Jan. 8, 2001—U.S. government energy forecasters lowered projections for natural gas demand growth to 2.9% this year, compared to 2000, down from a forecasted 3.8% growth rate projected in December.

The U.S. Energy Information Administration (EIA) said it cut projections because of higher estimates for fourth quarter demand due to colder-than-normal weather and higher gas prices, which is expected reduce industrial use in 2001 more than previously estimated. This year’s electric utility gas demand is still expected to remain about level with 2000 consumption.

Blaming colder weather and higher prices, EIA is now estimating residential gas users’ bills will rise 70%, compared to last winter. Previously, the agency forecast a 55% increase. At the same time, EIA lifted its 2001 average wellhead price forecast to $5.20/Mcf, up from $4/Mcf the agency forecast in December.

Very large increases in heating-related demand materialized in November and December, resulting in a sharp reduction of gas available in storage to well below the previous low recorded by EIA. The agency said December 2000 estimated working gas storage level is 10% below the previous low set in 1976.

Underground working gas storage levels are currently about 31% below year-ago levels and a “remarkable” 23% below the previous 5-year average, the EIA said.

For the entire year 2000, the average wellhead price for natural gas averaged an estimated $3.73/Mcf, a 72% increase over 1999. The new estimates shows severe winter weather in November and December 2000 pushed natural gas demand up 15% in these months, compared to the same months in the prior year. EIA estimates gas demand for all of 2000 was up 4.5% over 1999.

Production rising
For the fourth quarter of 2000, gas-weighted heating degree-days were estimated to have been up by 28% over 1999’s relatively mild fourth quarter. While rising prices prompted industrial and utilities users to switch to fuel oil whenever possible, the EIA is projecting residential and commercial sector demand could be up by 17% this winter over last.

Domestic gas production is estimated to have risen 1.1% in 2000 and is forecast to increase by significantly higher rates of 5.4% rate in 2001 and 2.5% in 2002.

New supply will be required to meet expected increases in demand for space heating and power generation and to prevent storage conditions from deteriorating to a worse condition than has already been experienced this year, the EIA noted.

It is predicting net imports of natural gas will rise 16% in 2001 and another 4% in 2002. While Canadian export capacity may not be fully utilized this winter, EIA says net imports will be 7.8% higher than last winter’s imports.
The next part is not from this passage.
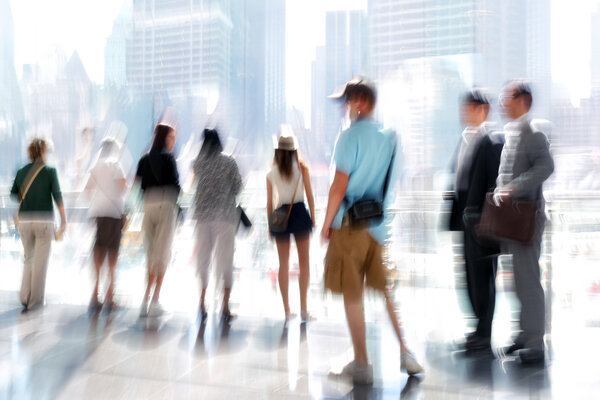 группа людей в бизнес-центре лобби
Western Canada supplies 15% of the gas consumed in the U.S..

Next year, EIA forecasters believe the storage situation will improve modestly and with that, a decrease in the average annual wellhead price. It said increases in production and imports of natural gas needed to keep pace with the rapidly growing demand for natural gas will be accompanied, for the time being, by relatively expensive supplies for gas due to rising production costs and capacity constraints on the pipelines.

Electricity demand and supply
Forecasters project electricity demand will rise 1.7% this year, compared with estimated sales in 2000 that were 5.3% higher than the previous year’s level. Electricity demand growth is expected to be slower in 2001 than in 2000 partly because economic growth is also slowing from its higher 2000 level.

This winter, total electricity sales by electric utilities are expected to be up by 3.9% over last winter’s sales, driven by increased demand in the residential and commercial sectors, which are expected to be up by 6.6 and 3%, respectively.

In the fourth quarter of 2000, previously falling demand for oil-fired generation began to turn around as the price differential between natural gas and oil in the electricity generating sector shifted to favor oil, prompting those plants which can switch to oil to do so.

The favorable price differential for oil relative to gas is expected to continue this year and next, according to the EIA. Growth in coal-fired generation also turned positive in the fourth quarter of 2000. Nevertheless, by the second half of 2001, expected increases in gas-fired capacity are expected to keep gas demand for power generation growing.

January’s outlook is based upon a soft landing for the U.S. economy in 2001; solid growth in 2002; generally declining oil and gas prices, although price levels remain relatively high by historical standards; strong growth in natural gas demand fueled by demand from the electric generation sector from spring 2001 on; and a return to approximately normal growth in petroleum demand, the EIA said.